Your best bet is to sit down with an experienced local child support attorney and go over the details of your situation, so that you can get information that applies specifically to your situation and may be immediately useful. Where Pennsylvania child support is concerned, an ounce of prevention really can be worth a pound of cure.
I need help with child support orders i never knew i had until 3 months ago when jurisdiction enforcement changes were made. Ive never been to a hearing or meeting and i just received a contempt of court hearing within the next 2 days. My child is in foster care and me the mother is only legal parent existing as founded…im freaking out and need advice on how to proceed
Your best course of action will come as no surprise, coming from us… TALK TO A LOCAL CHILD SUPPORT LAWYER ABOUT YOUR CASE RIGHT AWAY. Information available on the internet will be heavily generalized at best, and at worst will misdirect you. Yes, lawyers are not cheap, but family law in general is one of those areas in which an ounce of prevention really can be worth a pound of cure.
All of that said, take a deep breath. You’re going to get through this. Make sure you go to the contempt hearing as scheduled, and be on time.

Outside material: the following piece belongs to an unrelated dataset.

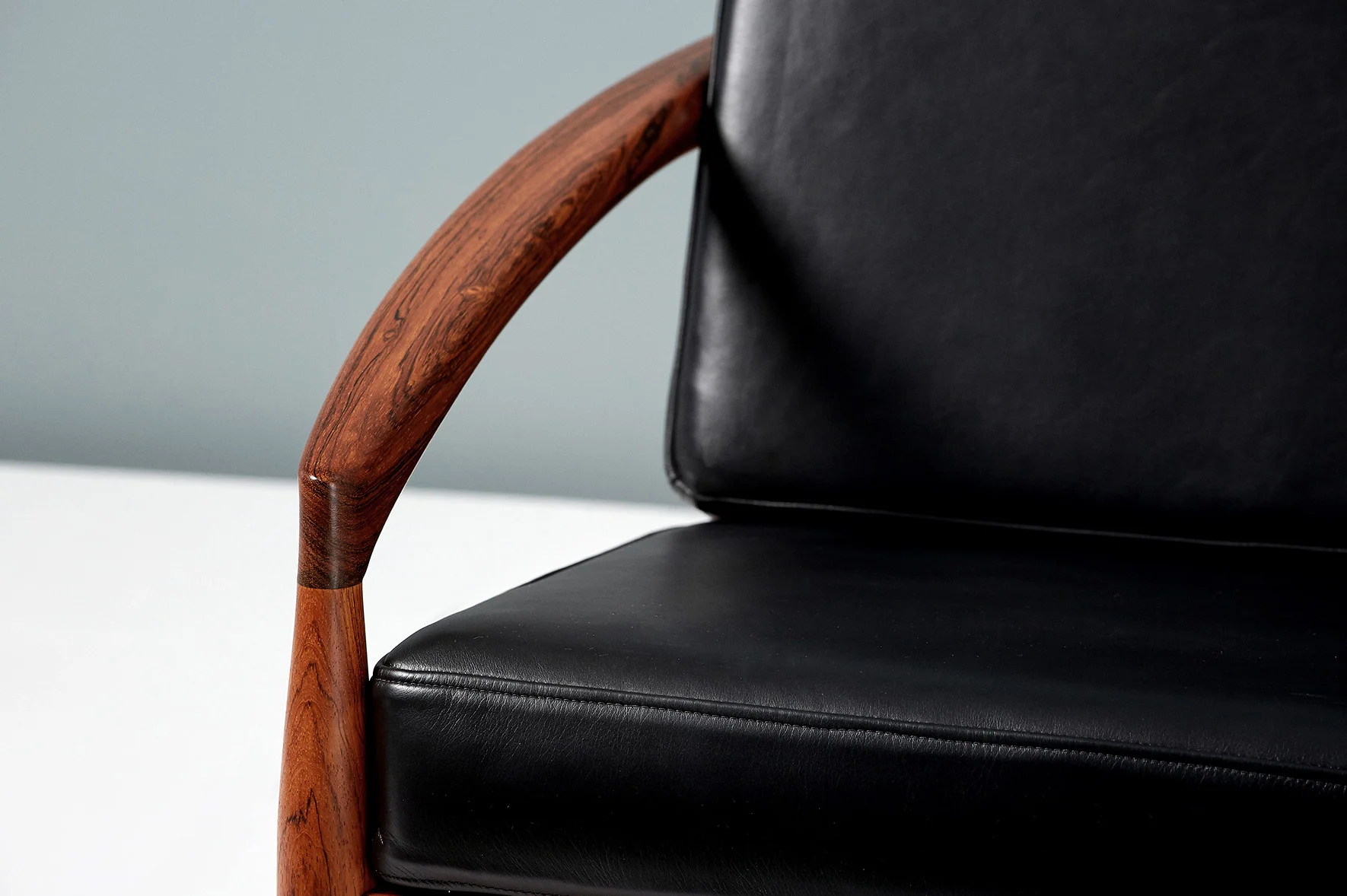 Kai Kristiansen Black Leather Rosewood Paper Knife Lounge Chair — Dagmar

Make sure you have at least three complete copies of your income documentation (last year’s tax return, this year’s pay stubs, etc.). Speaking generally, the odds are overwhelming that you’re going to walk out of the courtroom again under your own power. Civil contempt — which is what someone faces who is accused of violating a court order to pay support — is about determining whether there has been a willful violation of a court order (and if so, what to do about it), with the goal of compelling obedience rather than punishing disobedience. That means that how and when you learned about the case is relevant, and so is your relative ability to pay support.
If your child is in foster care, you almost certainly do owe support no matter what, but obviously it is a concern that you knew nothing about the proceeding. To the extent that you can address that immediately — i.e., before the hearing! — you should. With a lawyer. It may be that your window of opportunity to “turn back the clock” — if there is one — is limited, and acting without delay to make the best use of time and opportunity usually is a good idea when it comes to child support cases.

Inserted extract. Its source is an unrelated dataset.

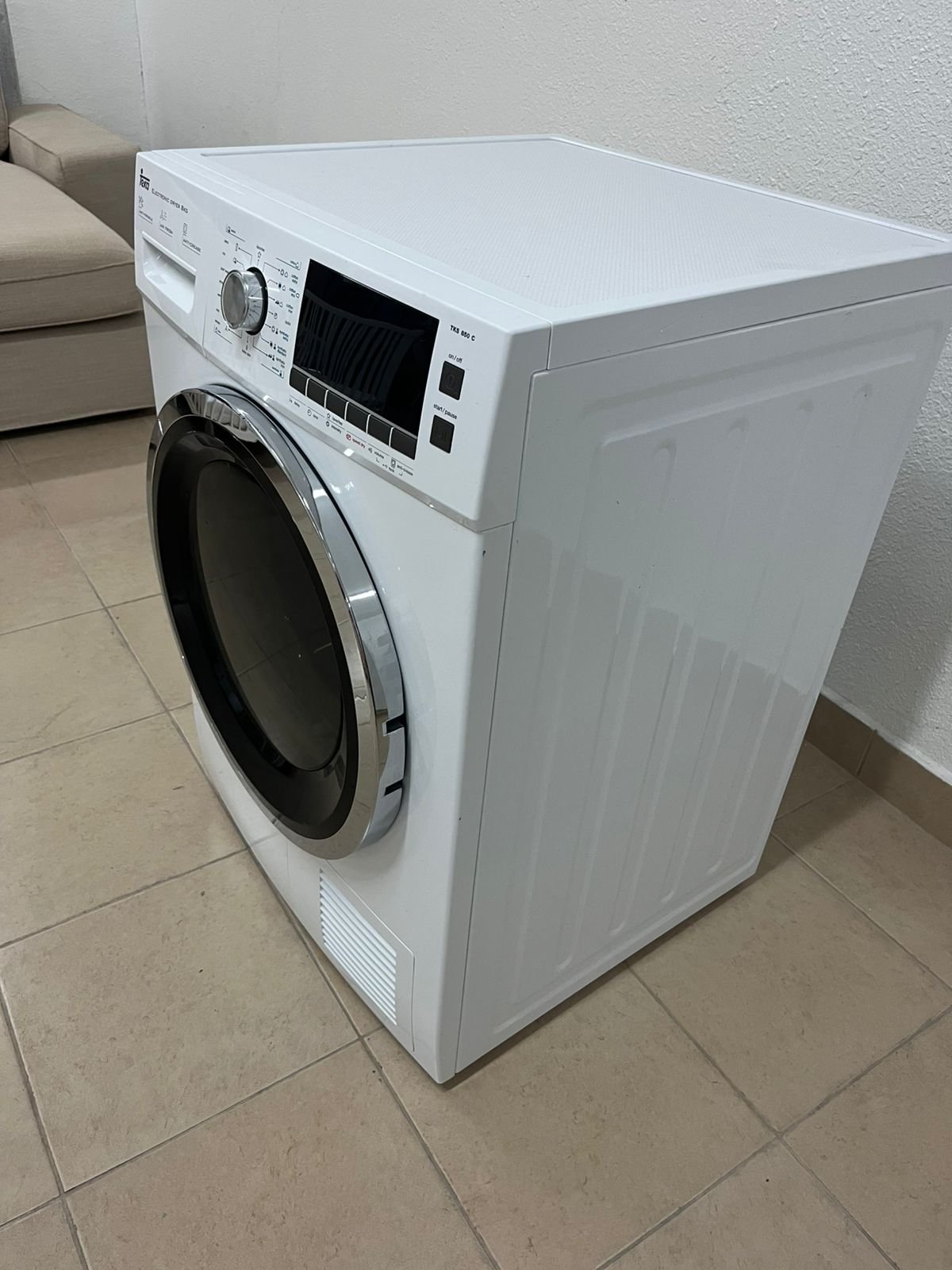 WhatsApp Image 2025-11-26 at 7.00.53 PM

Once more, GO CONSULT WITH A LAWYER! Your county bar association will have a lawyer referral service if you cannot find or afford one on your own, and may be able to offer you income-sensitive options.
Thank you very much. Ive tried consulting with legal aid but they claim they cannot help bc the child support is enforced by another county where my cys case is and my child is im foster care and i cannot have cross county appointed counsel’s. Also i am concerned with the contempt hearing bc i am on ror for a completely different irrelevant matter to this and fighting that criminally as well. I have also been done so dirty by government agencies and employees that im scared to death to even enter the courts by any means. Please help.
Don’t try to hide from this. If you do not appear in court when summoned to a contempt hearing, you risk a warrant being issued for your arrest pursuant to what is called a “body attachment.”
A body attachment is not the kind of arrest that occurs when you are accused of a crime. Instead, it amounts to, “You were summoned to court and didn’t show up, so we’re going to take you into custody until the court is ready to talk to you.” Body attachments are usually dismissed at that point, but if (for example) you get picked up on a Friday and the next court date is Monday, your weekend is no fun at all.
When the court tells you where and when to be, it is best to be there. Trying to hide from things like this only loses you opportunity while escalating consequences when what you are running from finally catches up to you.